I’m working on a post on the Blue Mountain Group Libyan contractors’ role in the Benghazi attack. But first, I want to point out a detail pertaining to the security provided by the February 17th Brigade–the militia that provided armed patrols outside of the Benghazi consulate.
At least one document found amid the clutter indicates that Americans at the mission were discussing the possibility of an attack in early September, just two days before the assault took place. The document is a memorandum dated Sept. 9 from the U.S. mission’s security office to the 17th February Martyrs Brigade, the Libyan-government-sanctioned militia that was guarding the compound, making plans for a “quick reaction force,” or QRF, that would provide security.
“In the event of an attack on the U.S. Mission,” the document states, “QRF will request additional support from the 17th February Martyrs Brigade.”

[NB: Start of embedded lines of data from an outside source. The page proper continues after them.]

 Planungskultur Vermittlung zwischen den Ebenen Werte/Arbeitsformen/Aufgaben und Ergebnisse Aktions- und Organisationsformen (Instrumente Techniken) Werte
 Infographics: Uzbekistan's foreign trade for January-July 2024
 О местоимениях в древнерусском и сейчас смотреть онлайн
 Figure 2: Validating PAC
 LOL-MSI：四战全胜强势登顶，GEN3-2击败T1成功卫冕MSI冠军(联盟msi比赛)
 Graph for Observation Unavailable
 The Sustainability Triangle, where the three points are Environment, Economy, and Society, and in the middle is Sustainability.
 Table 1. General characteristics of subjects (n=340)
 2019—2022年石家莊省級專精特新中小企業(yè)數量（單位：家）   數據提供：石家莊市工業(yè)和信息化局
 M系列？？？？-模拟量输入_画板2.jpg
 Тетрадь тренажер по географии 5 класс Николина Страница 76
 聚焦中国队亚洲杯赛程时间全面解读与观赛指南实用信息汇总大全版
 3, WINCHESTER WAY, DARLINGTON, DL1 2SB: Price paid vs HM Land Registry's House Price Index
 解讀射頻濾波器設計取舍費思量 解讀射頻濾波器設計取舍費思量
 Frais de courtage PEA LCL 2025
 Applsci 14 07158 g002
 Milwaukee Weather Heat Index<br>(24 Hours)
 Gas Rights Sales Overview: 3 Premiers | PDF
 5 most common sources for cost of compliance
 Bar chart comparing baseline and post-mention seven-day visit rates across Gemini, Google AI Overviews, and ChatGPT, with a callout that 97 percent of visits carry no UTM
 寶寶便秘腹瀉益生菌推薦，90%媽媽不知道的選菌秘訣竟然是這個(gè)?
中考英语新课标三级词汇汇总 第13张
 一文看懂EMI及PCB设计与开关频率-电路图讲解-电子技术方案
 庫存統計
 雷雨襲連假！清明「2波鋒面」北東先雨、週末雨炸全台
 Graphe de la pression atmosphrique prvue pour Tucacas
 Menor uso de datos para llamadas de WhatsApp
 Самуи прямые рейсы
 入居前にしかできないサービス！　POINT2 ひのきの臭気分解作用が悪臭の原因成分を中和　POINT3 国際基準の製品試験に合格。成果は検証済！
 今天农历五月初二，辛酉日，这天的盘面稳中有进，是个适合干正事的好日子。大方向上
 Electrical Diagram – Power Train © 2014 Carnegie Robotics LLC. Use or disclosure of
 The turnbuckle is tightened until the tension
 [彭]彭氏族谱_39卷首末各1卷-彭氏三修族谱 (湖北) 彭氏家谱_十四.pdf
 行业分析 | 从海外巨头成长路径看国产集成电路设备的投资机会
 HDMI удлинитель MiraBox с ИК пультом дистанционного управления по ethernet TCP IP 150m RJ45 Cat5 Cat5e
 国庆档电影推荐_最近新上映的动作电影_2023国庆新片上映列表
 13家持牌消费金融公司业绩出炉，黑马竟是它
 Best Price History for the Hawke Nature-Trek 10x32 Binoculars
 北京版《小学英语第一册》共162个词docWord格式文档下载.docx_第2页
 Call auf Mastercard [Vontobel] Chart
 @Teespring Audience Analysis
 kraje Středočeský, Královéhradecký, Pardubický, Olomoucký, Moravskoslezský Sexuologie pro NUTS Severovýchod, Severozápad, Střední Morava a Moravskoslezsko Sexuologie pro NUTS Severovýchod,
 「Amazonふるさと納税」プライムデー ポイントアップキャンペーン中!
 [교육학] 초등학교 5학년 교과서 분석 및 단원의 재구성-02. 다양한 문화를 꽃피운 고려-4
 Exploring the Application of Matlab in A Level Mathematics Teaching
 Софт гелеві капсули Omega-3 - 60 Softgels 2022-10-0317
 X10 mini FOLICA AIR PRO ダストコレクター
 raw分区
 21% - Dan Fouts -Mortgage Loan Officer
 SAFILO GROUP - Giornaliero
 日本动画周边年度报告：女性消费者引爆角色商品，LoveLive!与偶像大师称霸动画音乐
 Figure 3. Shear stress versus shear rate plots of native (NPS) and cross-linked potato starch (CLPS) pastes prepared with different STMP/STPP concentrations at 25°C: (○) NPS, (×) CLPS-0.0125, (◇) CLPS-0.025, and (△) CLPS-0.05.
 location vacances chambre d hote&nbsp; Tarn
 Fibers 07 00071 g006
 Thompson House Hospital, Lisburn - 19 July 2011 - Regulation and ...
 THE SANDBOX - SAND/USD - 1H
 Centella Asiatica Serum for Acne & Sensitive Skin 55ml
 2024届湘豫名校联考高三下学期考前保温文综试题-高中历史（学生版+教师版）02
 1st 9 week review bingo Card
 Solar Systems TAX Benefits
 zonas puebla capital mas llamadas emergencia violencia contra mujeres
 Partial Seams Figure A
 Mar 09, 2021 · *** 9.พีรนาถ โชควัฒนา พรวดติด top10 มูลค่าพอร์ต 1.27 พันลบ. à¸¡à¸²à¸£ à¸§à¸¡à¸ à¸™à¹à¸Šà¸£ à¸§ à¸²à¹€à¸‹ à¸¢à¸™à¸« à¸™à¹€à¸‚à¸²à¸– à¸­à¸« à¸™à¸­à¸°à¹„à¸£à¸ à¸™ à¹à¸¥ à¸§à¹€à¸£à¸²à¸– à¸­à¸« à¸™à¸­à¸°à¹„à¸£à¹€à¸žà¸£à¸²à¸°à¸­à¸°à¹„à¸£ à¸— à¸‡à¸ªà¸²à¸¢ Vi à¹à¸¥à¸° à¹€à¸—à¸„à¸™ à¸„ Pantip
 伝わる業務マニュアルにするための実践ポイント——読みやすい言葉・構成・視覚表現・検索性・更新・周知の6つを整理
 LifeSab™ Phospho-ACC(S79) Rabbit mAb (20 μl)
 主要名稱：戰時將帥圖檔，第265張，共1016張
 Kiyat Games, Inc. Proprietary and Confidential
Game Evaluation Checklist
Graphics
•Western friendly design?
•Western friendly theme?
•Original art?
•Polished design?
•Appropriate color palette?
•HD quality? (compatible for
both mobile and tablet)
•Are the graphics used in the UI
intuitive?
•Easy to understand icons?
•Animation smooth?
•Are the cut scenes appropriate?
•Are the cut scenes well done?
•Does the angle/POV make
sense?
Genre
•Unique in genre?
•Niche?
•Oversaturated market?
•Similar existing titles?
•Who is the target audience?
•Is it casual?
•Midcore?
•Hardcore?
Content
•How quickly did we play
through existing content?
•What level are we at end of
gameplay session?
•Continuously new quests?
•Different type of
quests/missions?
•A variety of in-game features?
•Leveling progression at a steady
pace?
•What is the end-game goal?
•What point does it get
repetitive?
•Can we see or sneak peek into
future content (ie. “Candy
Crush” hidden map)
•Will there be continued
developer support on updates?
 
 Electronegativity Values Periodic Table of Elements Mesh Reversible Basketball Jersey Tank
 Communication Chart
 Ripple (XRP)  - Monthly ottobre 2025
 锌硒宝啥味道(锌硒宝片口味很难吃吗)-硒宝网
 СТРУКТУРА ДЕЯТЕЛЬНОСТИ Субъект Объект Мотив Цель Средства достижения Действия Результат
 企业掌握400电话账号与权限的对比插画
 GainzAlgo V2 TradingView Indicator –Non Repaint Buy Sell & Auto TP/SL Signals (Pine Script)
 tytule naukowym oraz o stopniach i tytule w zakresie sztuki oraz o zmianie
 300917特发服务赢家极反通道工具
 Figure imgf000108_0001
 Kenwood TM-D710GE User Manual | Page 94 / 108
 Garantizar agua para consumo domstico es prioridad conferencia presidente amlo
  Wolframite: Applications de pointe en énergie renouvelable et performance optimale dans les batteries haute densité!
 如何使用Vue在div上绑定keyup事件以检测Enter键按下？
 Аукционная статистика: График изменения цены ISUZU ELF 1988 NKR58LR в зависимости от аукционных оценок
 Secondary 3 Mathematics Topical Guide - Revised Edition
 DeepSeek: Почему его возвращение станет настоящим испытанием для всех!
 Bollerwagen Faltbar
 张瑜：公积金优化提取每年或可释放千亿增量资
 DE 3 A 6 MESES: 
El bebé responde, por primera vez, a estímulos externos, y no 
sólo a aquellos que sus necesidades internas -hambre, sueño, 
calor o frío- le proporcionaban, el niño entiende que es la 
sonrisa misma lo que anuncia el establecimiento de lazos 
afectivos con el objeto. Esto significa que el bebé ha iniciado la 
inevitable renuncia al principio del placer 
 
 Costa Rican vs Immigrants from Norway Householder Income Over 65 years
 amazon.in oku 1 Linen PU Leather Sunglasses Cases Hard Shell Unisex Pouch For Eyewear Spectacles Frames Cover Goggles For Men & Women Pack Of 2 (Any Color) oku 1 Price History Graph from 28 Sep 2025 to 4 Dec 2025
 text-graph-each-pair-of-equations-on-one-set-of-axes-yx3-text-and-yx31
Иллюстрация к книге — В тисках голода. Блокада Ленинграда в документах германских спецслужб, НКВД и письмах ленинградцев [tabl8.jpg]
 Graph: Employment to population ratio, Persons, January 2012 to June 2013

This appears to overstate the document somewhat. While it is clear that a September 9 document (page 8) lays out the terms of the militia’s role as a Quick Reaction Force, the January 25, 2011 US Mission Evacuation Plan (page 9) anticipates the involvement of QRFs (since the plan pre-dated Qaddafi’s ouster, the militia wouldn’t have provided that service at the time). And the militia was already serving in that role (and served better than some of the western contractors), according to reports. So the document seems to reflect ongoing discussions about that security agreement–including an apparently new understanding that the Americans would provide housing for the QRF personnel.
Now, that document was a draft agreement between the February 17th Brigade and the Regional Security Office.
But I do find one detail from Ambassador Stevens’ schedule of interest. On September 11, the day he died, he was initially scheduled to meet with a representative of the militia at 11 AM. Though a hand-written note suggests that meeting was moved to “another day.” (The itinerary may have been a draft, since it was printed on September 8 and had a few other hand-written notations, though interestingly it appears to have been folded at one point as if to put in a pocket.)
That’s not that big of a deal: after all, Stevens worked closely with the militias throughout the war. But it appears the Americans were in the process of tweaking their security agreement and it appears that Stevens intended to meet with the militia while he was in Benghazi. Given how central Stevens was in determining how much and what kind of security the consulate would have, I wonder whether part of those discussions were to discuss precisely the security concerns everyone is now pointing to as a big State lapse.
Note, Eli Lake’s first story on Benghazi claimed an al Qaeda affiliate had asked the February 17 Brigade to stand down during this attack. And attacks on the Brigade were repeated in other right wing outlets.